4/11 – What’s it look like? Layouts and Wordcounts
In our research, writing looks like a text document with maybe an image or two. It’s as long as it needs to be, who cares about how it’s all laid out. For science communication, the rules are a little different.
There are so many different forms that science communication can take. Is it a pamphlet? A children’s book? A guidebook? A poster? A comic? A magazine? A social media post? All of these different forms all have their own visual grammars. When we think about creating work for each of these, it’s vital we understand what works in that form.
To understand all these different ways information can be laid out, I would like you to find five different formats and record how they are set up in their a two-page spread or foldout.
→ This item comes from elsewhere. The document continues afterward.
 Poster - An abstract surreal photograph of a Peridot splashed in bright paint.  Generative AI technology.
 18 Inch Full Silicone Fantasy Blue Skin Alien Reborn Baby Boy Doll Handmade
Write them down in your compbooks and be prepared to share with the class. Write neatly so that others can read what you’ve written. Think of this as recording the “recipes” for making each of these formats.
Things I want you to record for each two-page spread / folded document:
Rough Sketch of Two-Page Spread Layout
Size of one page:
Target audience: (Do some googling and take an educated guess! Age, demographic, education level, etc)
Likely Sales Venue: (Do some googling and take an educated guess! Tiny bookshops, Big Box Stores, Airport Shops, Museums, etc)
Approximate Wordcount:
Approximate % of Page Taken Up by Text:
# of Images on page: (If it’s one big image with multiple little vignettes, count the vignettes)
Approximate % of Page Taken Up by Images:
Margin size: (Margins are the space between the edge of the page and where the content starts. Fun note- this is often the part I see too small on science posters!)
Approximate % of Page That’s Blank: (I bet it’s more than you expect!)
To demonstrate, here are two examples:
Format options can include things like: ID books, textbooks, posters (some places include USDA and Xerces, comics, illustrated books, children’s books, educational pamphlets (check your local nature center!), websites, presentation slides, social media posts (consider the “post” the “page”, and the thread and/or multi-image gallery as part of the page), and whatever else you can think of.
You are welcome to find different options that are examples of formats you’re interested in. I am requesting that, of your five, you select at least one that’s digital and at least one that’s physical. Try to pick formats that are different. In the postdoc office, I have oodles of books, comics, ID books, and pamphlets for you to pick through. Please find things that interest you. Feel free to bring them to your desk to look them over and photograph the pages you’re interested in. These are my personal books, so please return them when you’re done.
Ideally, everyone will pick different things and we can combine these into a shared library of recipes for scicomm!
4/4 – Introduction
Homework – Please prepare the “raw ingredients” of your science communication project
Collect 10+ images relevant to your project and store them on your cloud service of choice: Google Drive/Onedrive/Dropbox whatever. Retain the original photographer/illustrator name and source in a separate text document.
You don’t need to be super literal about this. You should find pictures of your study species, but you also can grab images you like the feel of. Every image wont necessarily make it into your project, but they can inform the vibe. Think of this as building a mood-board. This can include examples of text, color, and layouts that you like.
Write up a 1500-word-minimum description of your project. This doesn’t need to be perfect, this is more about brainstorming and thinking through some of these big questions. Please answer the following prompts:
What is the general message you’re trying to communicate?
Why do you care about this topic?
Who are you trying to communicate to?
What behavior or situation are you trying to change?